I have a very simple setup of 4-node Flink cluster where one of nodes is Jobmanager, others are Taskmanagers and started by start-cluster script. All task managers have the same configuration, regarding state and checkpointing it's as follows:

state.backend: rocksdb
state.backend.fs.checkpointdir: file:///root/flink-1.3.1/checkpoints/fs
state.backend.rocksdb.checkpointdir: file:///root/flink-1.3.1/checkpoints/rocksdb
# state.checkpoints.dir: file:///root/flink-1.3.1/checkpoints/metadata
# state.checkpoints.num-retained: 2

(The latter 2 options are commented intentionally as I tried uncommenting them and it didn't change a thing.)

And in code I have:

val streamEnv = StreamExecutionEnvironment.getExecutionEnvironment
streamEnv.enableCheckpointing(10.minutes.toMillis)
streamEnv.getCheckpointConfig.setCheckpointTimeout(1.minute.toMillis)
streamEnv.getCheckpointConfig.setMaxConcurrentCheckpoints(1)
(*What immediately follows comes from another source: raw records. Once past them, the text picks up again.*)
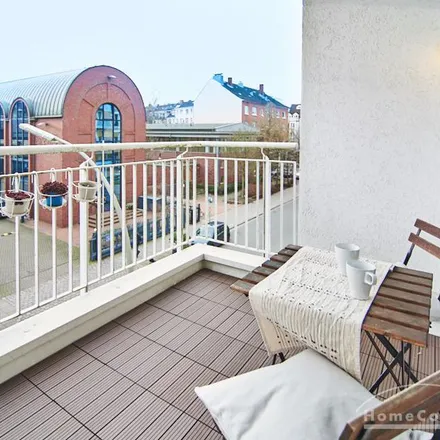 Rent this 2 bed apartment on Kleine Rainstraße 6 in 22765 Hamburg, Germany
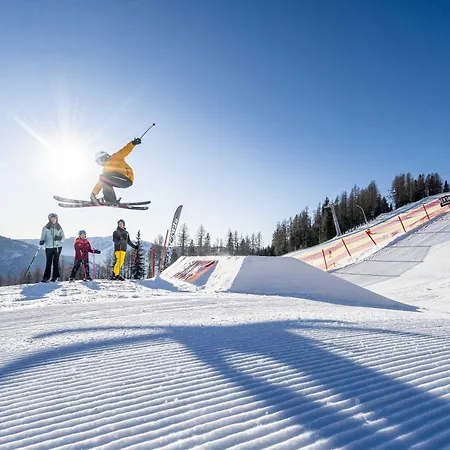 Trattlerhof Szálloda 4*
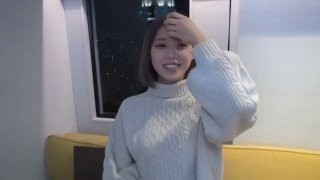 想做你的骚母狗，丝袜情趣配狗链，颜值还不错开始露脸，自己舔奶头，无毛骚穴道具抽插淫水好多，想让狼友舔第01集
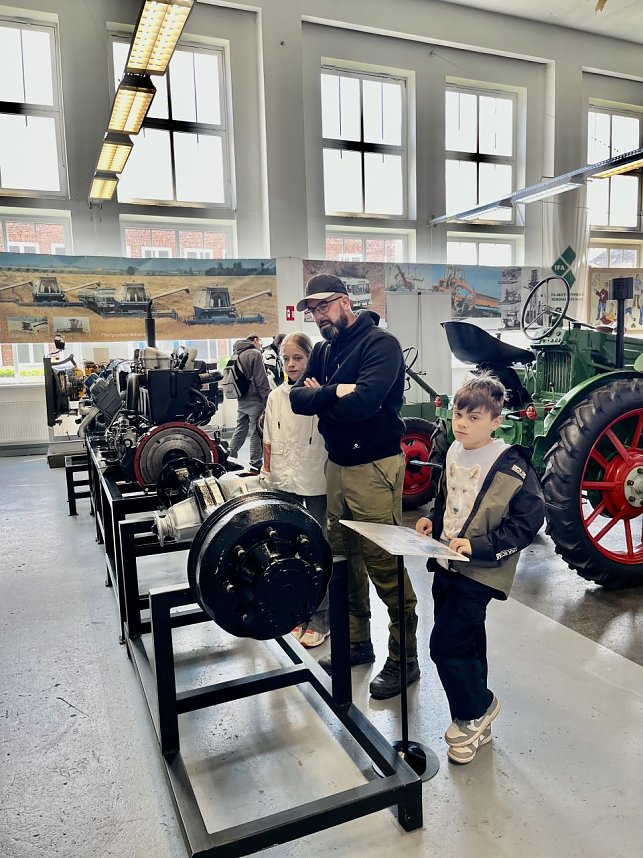 Viele Besucher nutzen am Sonntag den Museumstag mit kostenfreiem Eintritt, um sich die Ausstellung anzusehen.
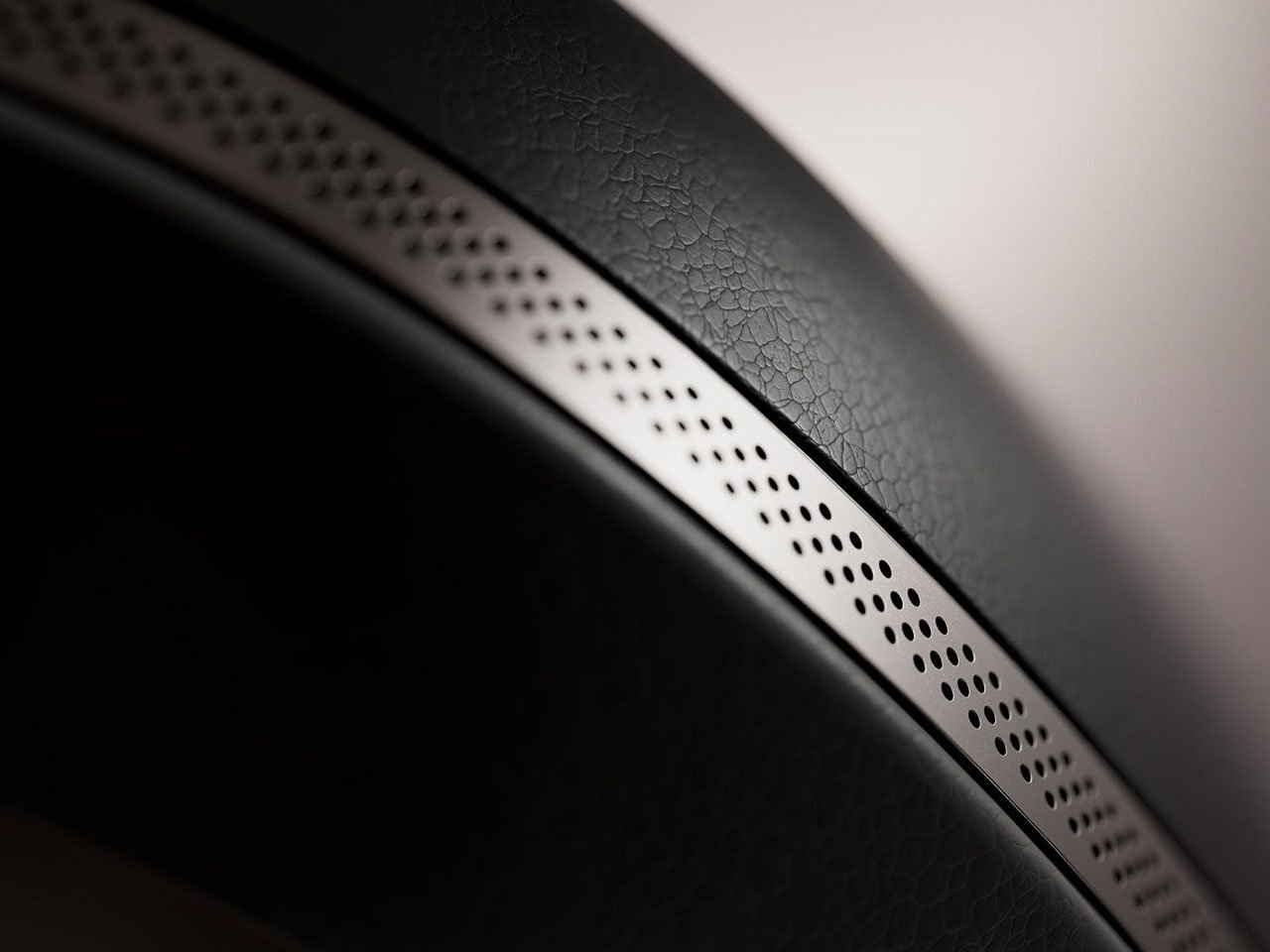 1759092777 737 Decouvrez les PX8 S2 de Bowers Wilkins des - plare.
After job is working for 40 minutes, in directory

/root/flink-1.3.1/checkpoints/fs/.../

I see 4 checkpoint directories with name pattern "chk-" + index, whereas I expected that old checkpoints would be deleted and there would be only one checkpoint left.(from the docs, only one checkpoint by default should be retained) Meanwhile, in web UI Flink marks first three checkpoints as "discarded".

Did I configure anything wrong or it's an expected behaviour?

1

1 Answers

4
votes

The deletion is done by the job manager, which probably has no way of accessing your files (in /root)